Dicho en otras palabras, el capital
permite que nuestra vida haya devenido un recreo constante, que nuestros deseos
estén ahí solo para satisfacerlos al instante siguiente, que todo quede
reducido a un juego perverso donde, por fin –y según reza el eslogan de marca
de nuestra ideología– nadie esté engañado.
No por otra razón el título de este
espectacular vídeo es Playtime: porque lo que ha querido
hacer Julien es representar, hacer
visible, la red invisible e intangible que genera este capitalismo tan de
última generación que es el nuestro, un capitalismo que bien puede decirse que
es el régimen que impera en un recreo cualquiera.

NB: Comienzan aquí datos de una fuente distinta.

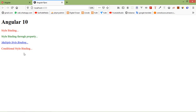That's all about Angular 10 style binding. Thanks for watching this video. If you still have any questions, you can ask me in the comment box. Don't forget to subscribe to my channel. Thanks for watching.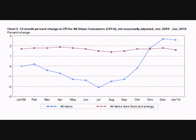The Consumer Price Index measures the changes in retail prices for goods and services. In the U.S., it is considered the number one indicator for inflation and it is one of the main economic reports the Fed uses when determining when to change interest rates.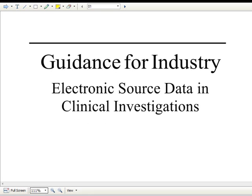I also included this because it's fairly new: the Guidance for Industry on Electronic Source Data in Clinical Investigations. This just came out in September 2013 and is a little bit relevant to risk-based monitoring as we consider what we can do remotely and what kind of requirements we need when we go on site to focus on for source documentation.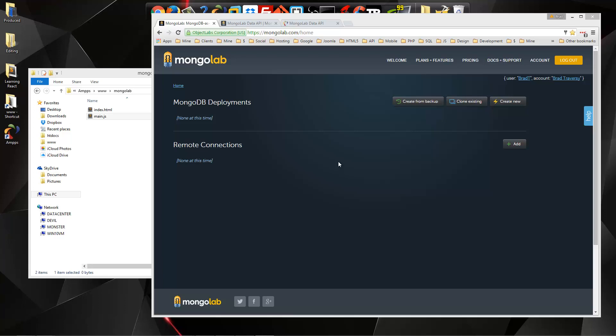Hey guys, in this video I'm going to show you how to create a remote MongoDB database and also how to connect to it and interact with it using just JavaScript and jQuery.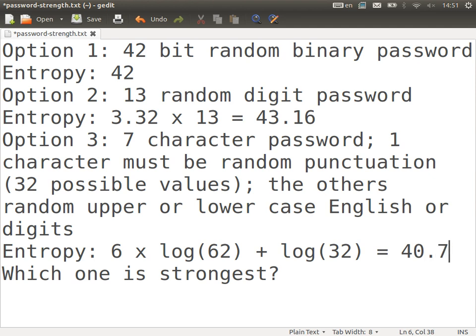To summarize: option one has an entropy of 42, option two has 43.16, and option three has approximately 40.7. The highest entropy — option two — is the strongest. That is what we can use entropy for: to compare the strength of different password schemes.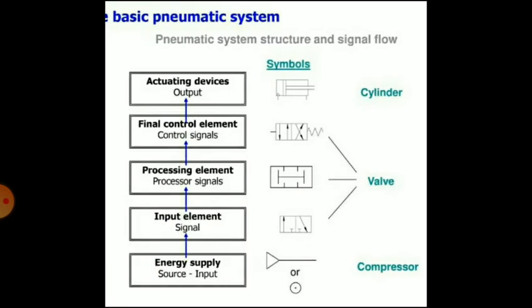Now, the basic pneumatic system. The different elements are: energy supply elements involving a compressor, then input elements, then processing elements, and final control elements involving different types of valves. The last element is actuating devices — that is, output devices, which are the cylinders. A symbolic representation is given for every element.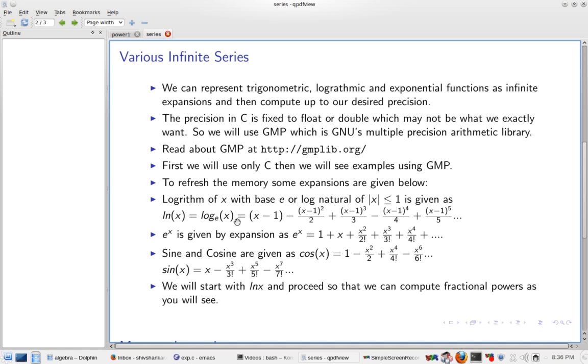Hello and welcome to this video from LibreProgramming.org. In this video I'll show you how to compute the exponent function, that is e to the power x.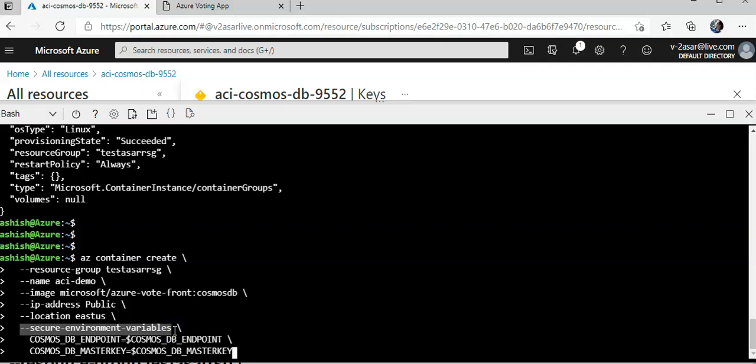If I want to see those values using the show command, container show, I would not see them. This is how you would use the environment variables. I hope this was informative for you guys.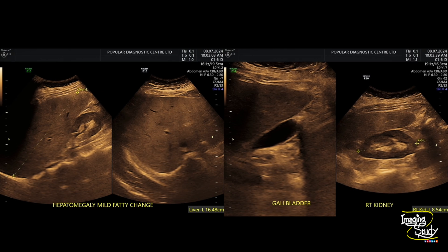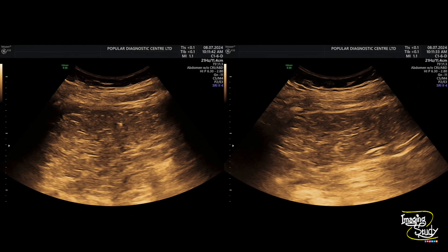Here is the picture. You can see the fatty liver with hepatomegaly. This is the gallbladder and this is the right kidney. When we come to the subhepatic region, you can see this large fatty area. The echogenicity and echotexture of this lesion is similar to the subcutaneous tissue, indicating it to be a fatty lesion.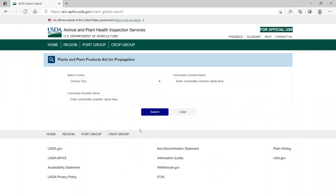From the main search page, use the dropdown and or text fields to search based on Country, Commodity Scientific Name, and or Commodity Common Name.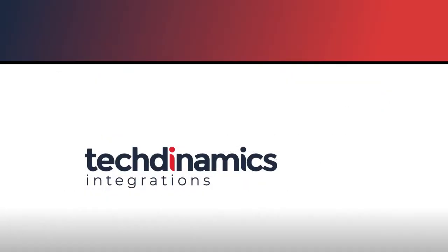We have more videos related to order processing and manifesting. Make sure you don't miss them. Thanks for watching and enjoy your TechShip experience.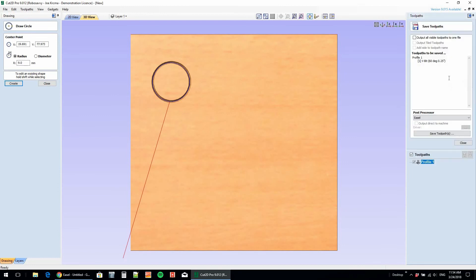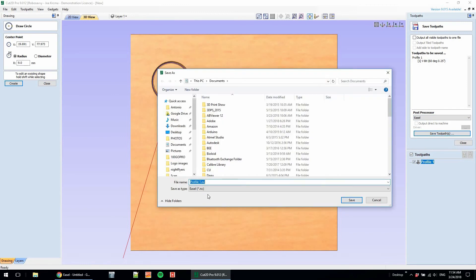We can then save the toolpath, and it saves as a .nc file, which is the type that Easel likes to read. We can just open it up, and there it is.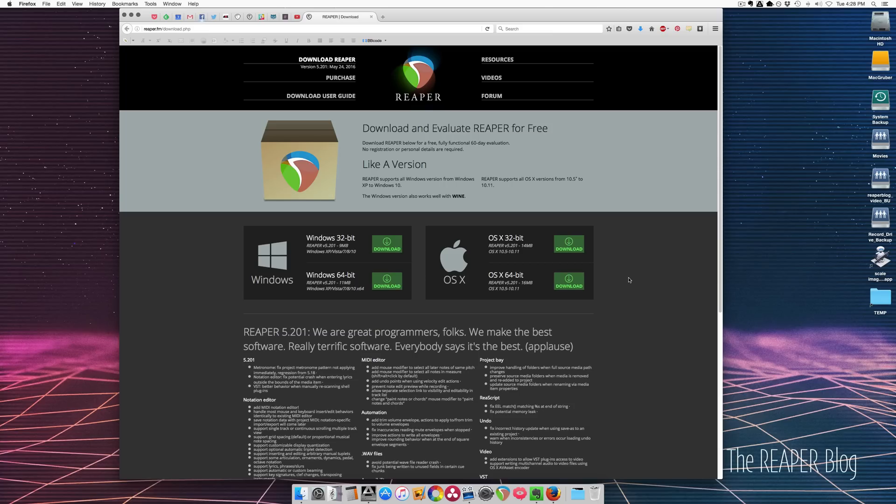Hey guys, welcome to a quick tip tutorial from the Reaper blog. In this video I'll show you how to make a portable Reaper install on OSX.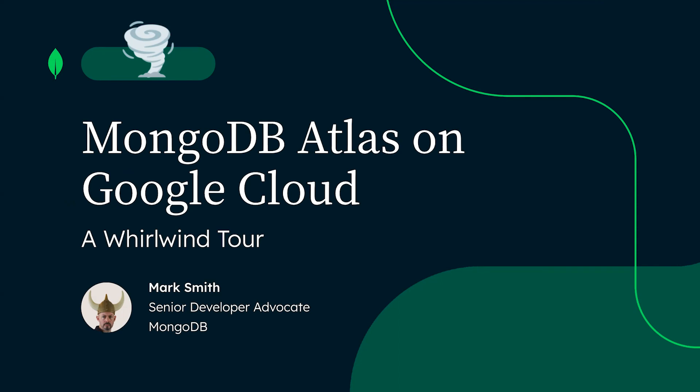Hello and welcome to this whirlwind tour of MongoDB Atlas on Google Cloud. My name is Mark Smith, and I'm a senior developer advocate at MongoDB.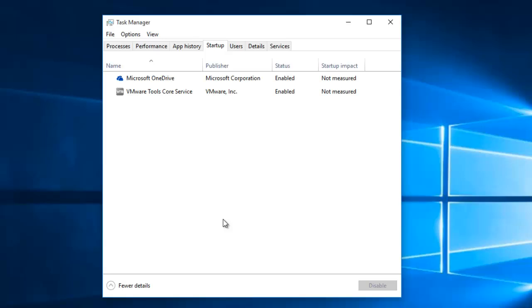So, it is a good idea to take a look at Startup programs and disable some of them to speed up the Windows Startup.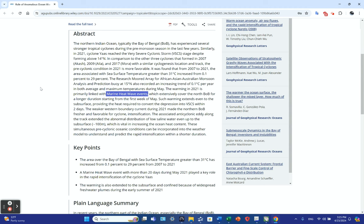Such warming extends to the subsurface, providing the heat required to convert the depression into very severe cyclonic storm within two days. For a storm starting as a tropical depression, it then works its way up to cyclonic activity.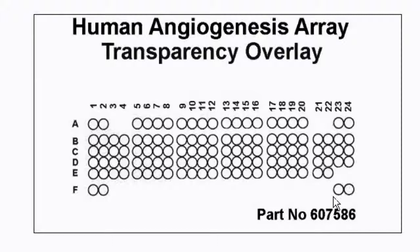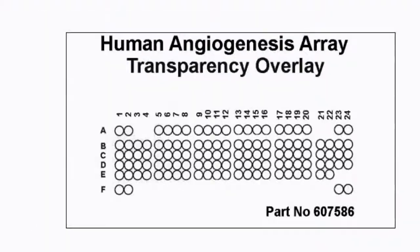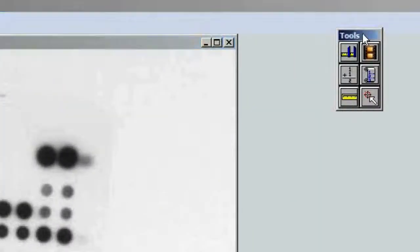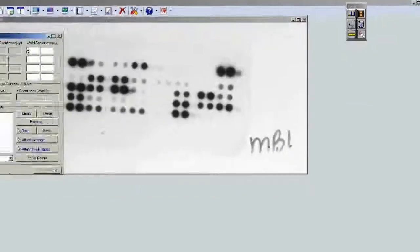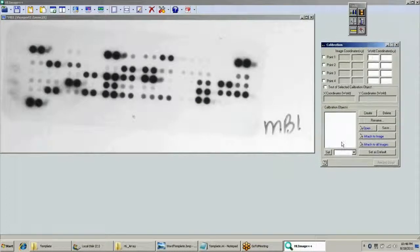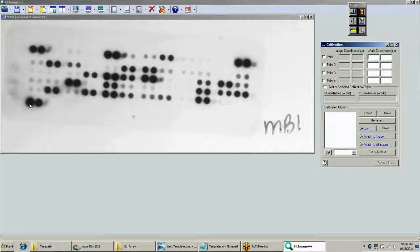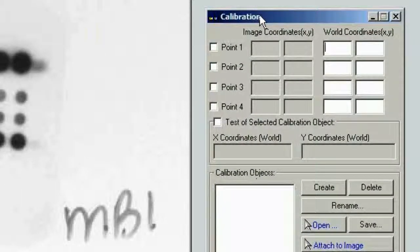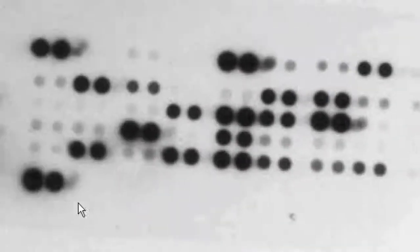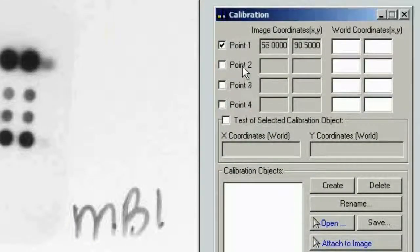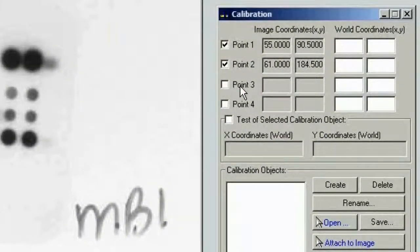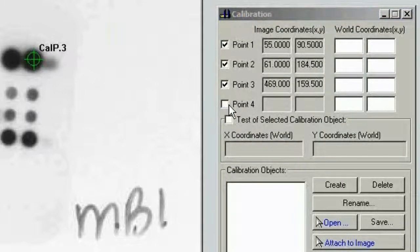The way you do that in software is using the calibration tool in HLImage. For good calibration, we want to use four points on the image in the four corners: lower left, upper left, upper right, and lower right. You start by clicking point 1 in the calibration tool, then left-clicking in the middle of where point 1 should be on the image. Then we do the same for points 2, 3, and 4.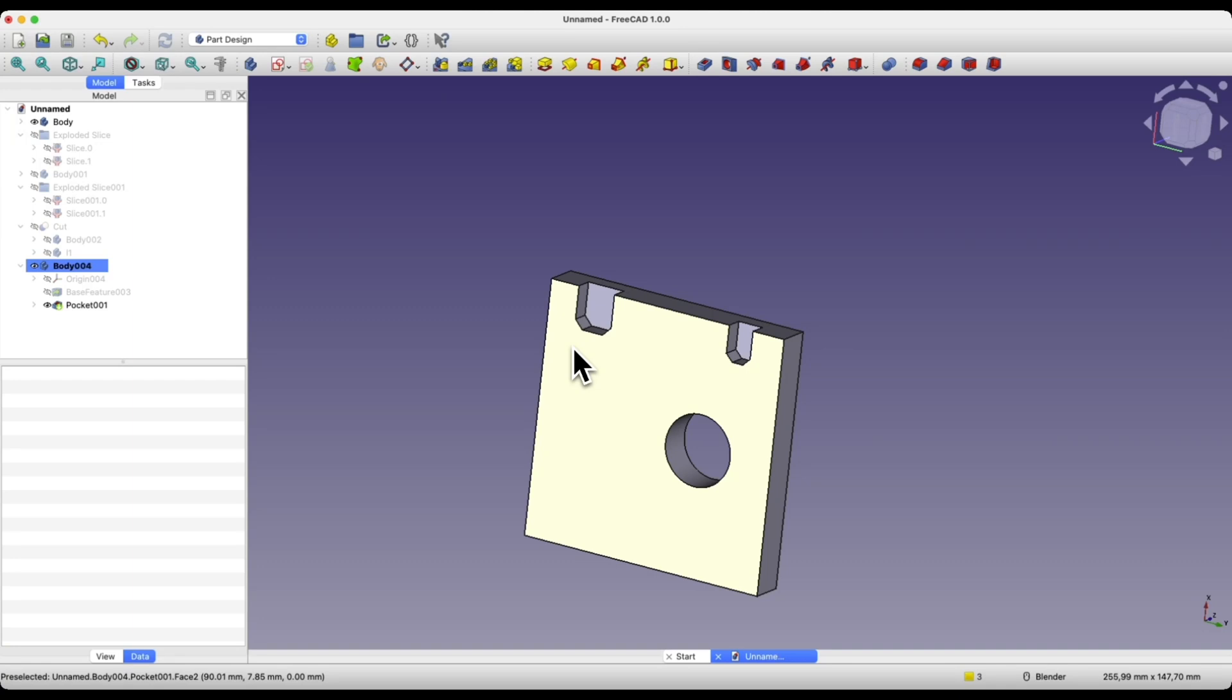I know that for beginner FreeCAD users, the information in this video may be a bit complicated, but these are already the next steps in learning FreeCAD. To understand exactly what I am talking about, you need to know the basics of FreeCAD. We will end here, thanks for watching and please subscribe to this channel.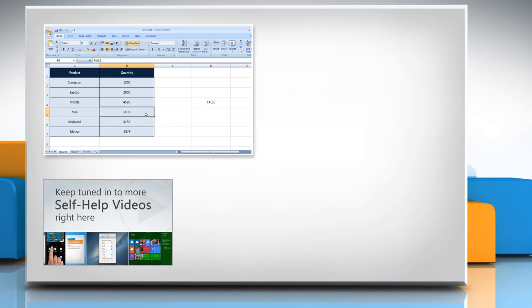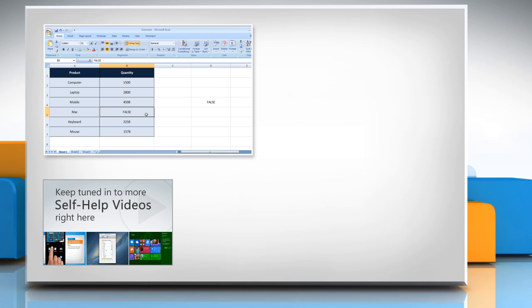Check out our iYogi channel for self-help videos on Windows, Mac, smartphones, security, social media and much more.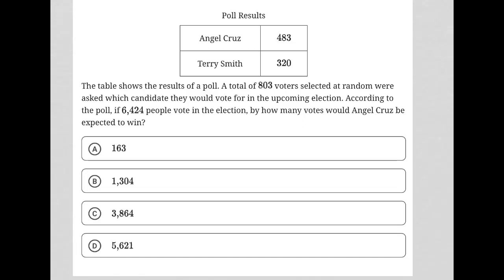This question provides a table showing poll results: Angel Cruz with 483 votes versus Terry Smith with 320 votes. The table shows the results of a poll where 803 voters selected at random were asked which candidate they would vote for in the upcoming election. If 6424 people vote in the election, by how many votes would Angel Cruz be expected to win?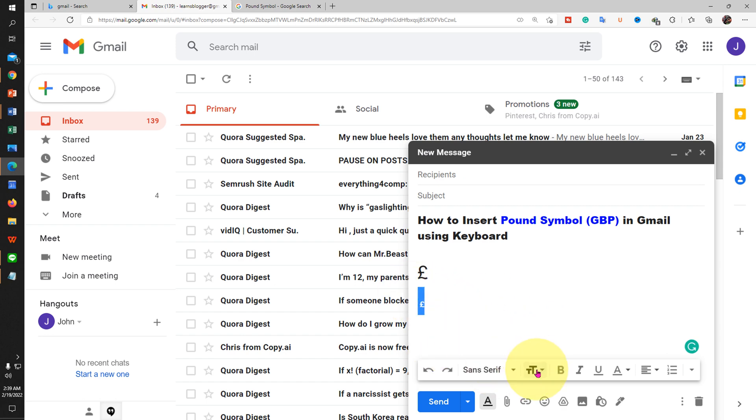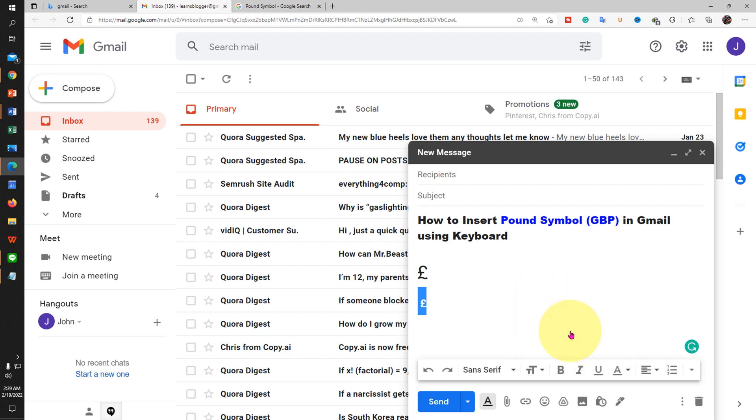You can adjust the size of the pound from here like small, normal, large as per your requirement.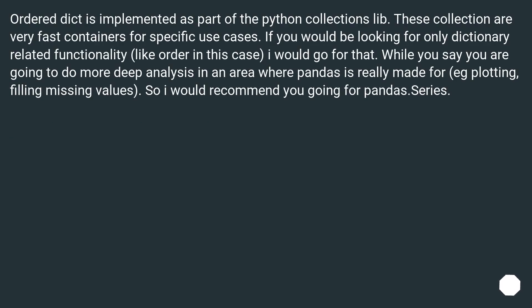OrderedDict is implemented as part of the Python collections library. These collections are very fast containers for specific use cases. If you would be looking for only dictionary-related functionality, like ordering in this case, I would go for that.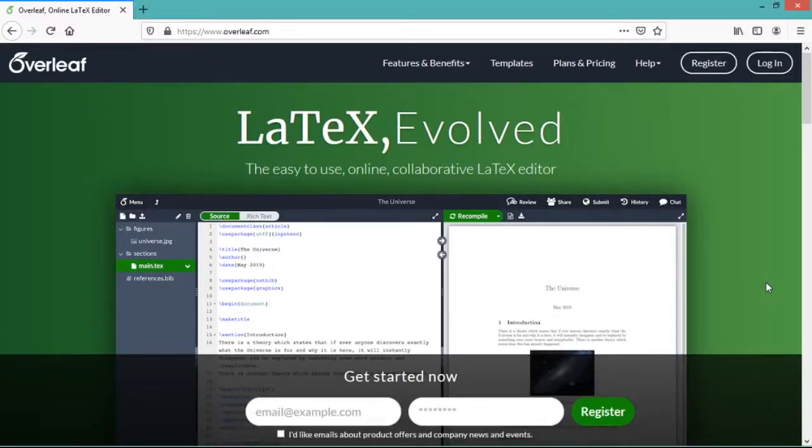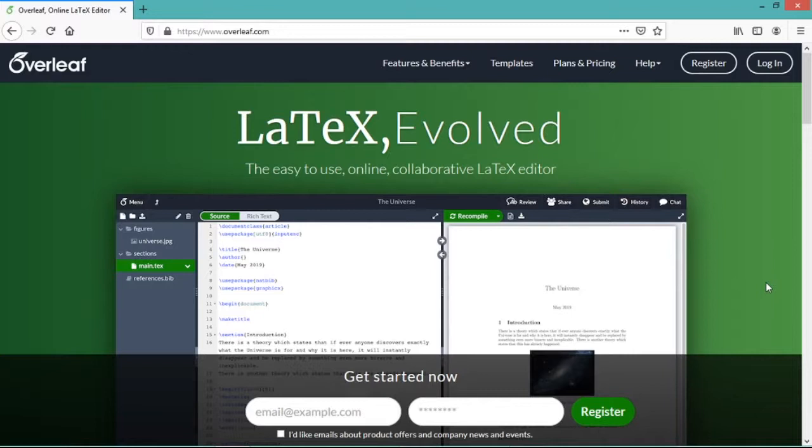Hello everyone, welcome to Mathematical Explorations. In this video we will see how to get an unnumbered section or subsection in Overleaf LaTeX document.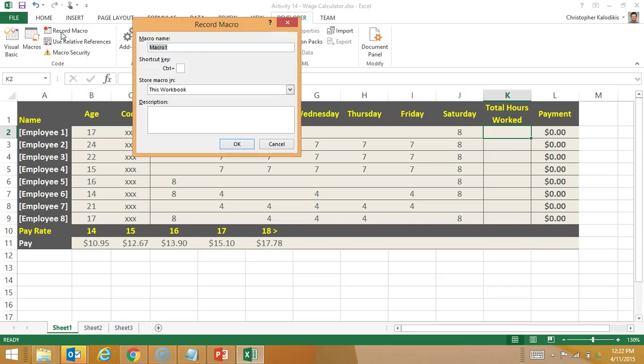It's going to be called quick sum. The shortcut I'm going to use is control U. I'm not going to use S because control S is save and that's quite important to me.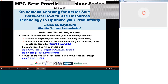This webinar series is brought to you by the IDEAS-ECP project in collaboration with the Argonne Oak Ridge Computing Facilities and also NERSC. I am Osney Marcus from the Lawrence Berkeley Lab and Ashley Barker from Oak Ridge, and I will be the hosts for this webinar.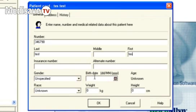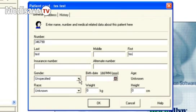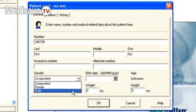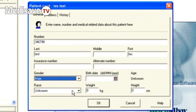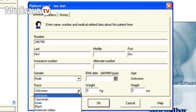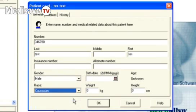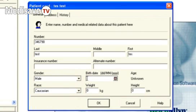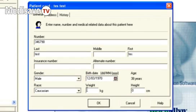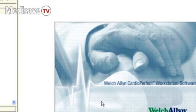This will include their gender, their race, their birth date, their weight in kilograms, and their height in centimeters. The software uses that information to work out their predicted results.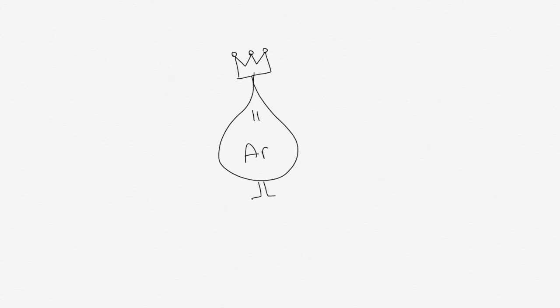Liquid argon is a very powerful detector of particles. In fact, when particles interact with it, they leave footprints behind, which we can see.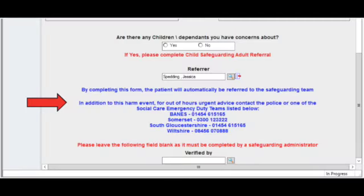You will find a list of important numbers at the bottom of the form if you need to speak to somebody out of hours urgently.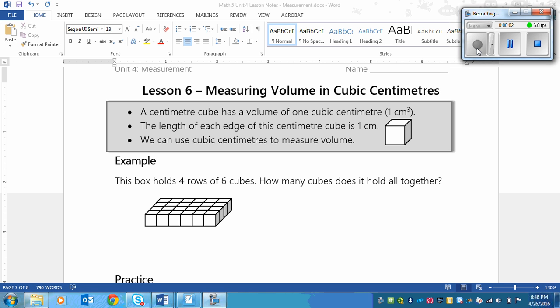This is a lesson on measuring volume in cubic centimeters. This lesson is going to be a lot more concrete and probably a lot more interesting than the last one, but here are some of the basics of what you need to know for this lesson.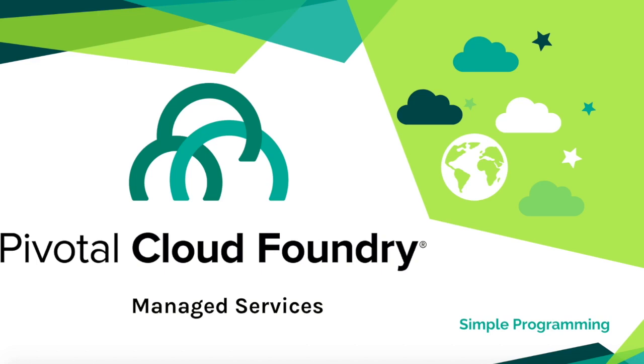Hi guys, welcome to Simple Programming. In our previous example, we created a simple Spring Boot app and deployed it to the Pivotal Cloud Foundry environment.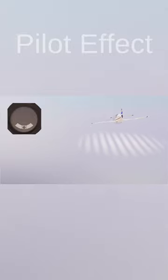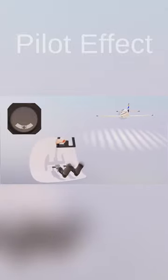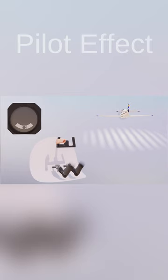In coordinated straight and level flight, the wings are level and there are no lateral accelerations. The ball is held in the low point of the glass tube by gravity.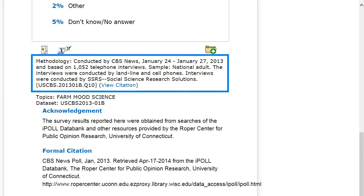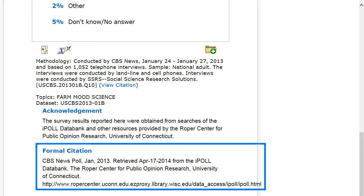You should always be able to find information about who conducted the poll, how the poll was conducted or the methodology, and when the information was collected. This information will help you judge if the poll information is relevant and reliable, and will also help you cite the poll data in your paper.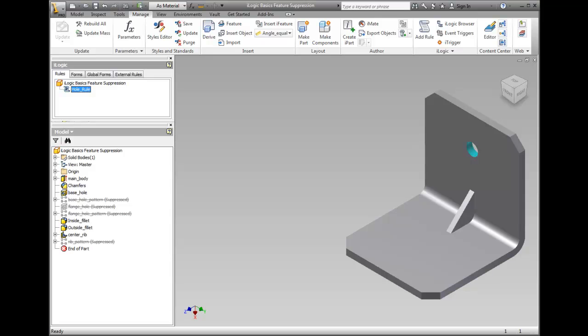With the necessary parameters in place, you add logic to the model using rules. Rules can be defined for various actions including setting the values of parameters and activating or suppressing features.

Porque en eso se parece este régimen
nuestro y un recreo: en que el estado de excepción es el que impera en ambos,
en que las leyes están solamente para quedar interrumpidas, suspendidas. Si
algún rasgo mesiánico tiene este capitalismo es que juega con la idea de la
venida, del acontecimiento que nos sacará de esta situación fáctica de idioticia
consensuada. Pero, claro está, para mantener tal vana esperanza hemos de estar
enchufados, hemos de simular que disfrutamos del recreo como niños, hemos de
jugar sin más, hemos de –en definitiva y paradójicamente– no esperar nada, nada
más que la siguiente mercancía, ahí donde hemos condensado todos nuestros
deseos.
Y es precisamente en esa paradoja
donde se inserta la mirada del artista: Julien
nos enseña cómo la frontera que construye el antagonismo –pues toda sociedad se
forja en el ocultar un antagonismo fundacional– es un secreto que está a la
vista. Ya no es el ser de derechas o el ser de izquierdas, no es ser progre o
ser carca, no es ni siquiera el ser rico o el ser pobre. La brecha antagónica
que hace que tanto unos como otros nos lo pasemos teta en el recreo es que
todos simulamos pero, eso sí, con una diferencia: aquellos que pueden dejar
claro que todo es una pura escenificación, una trola de tomo y lomo, y aquellos
otros que han de agarrarse a alguna realidad, a alguna verdad que evite que
todo se desvanezca de un plumazo. Es decir: aquellos que están tan sujetados
por el sistema que saben el secreto del capital (que nada vale más que otra
cosa, que toda jerarquización en el valor de cambio es la ficción más mentirosa
de todas) y aquellos que necesitan creer que algo puede tener un valor fijo.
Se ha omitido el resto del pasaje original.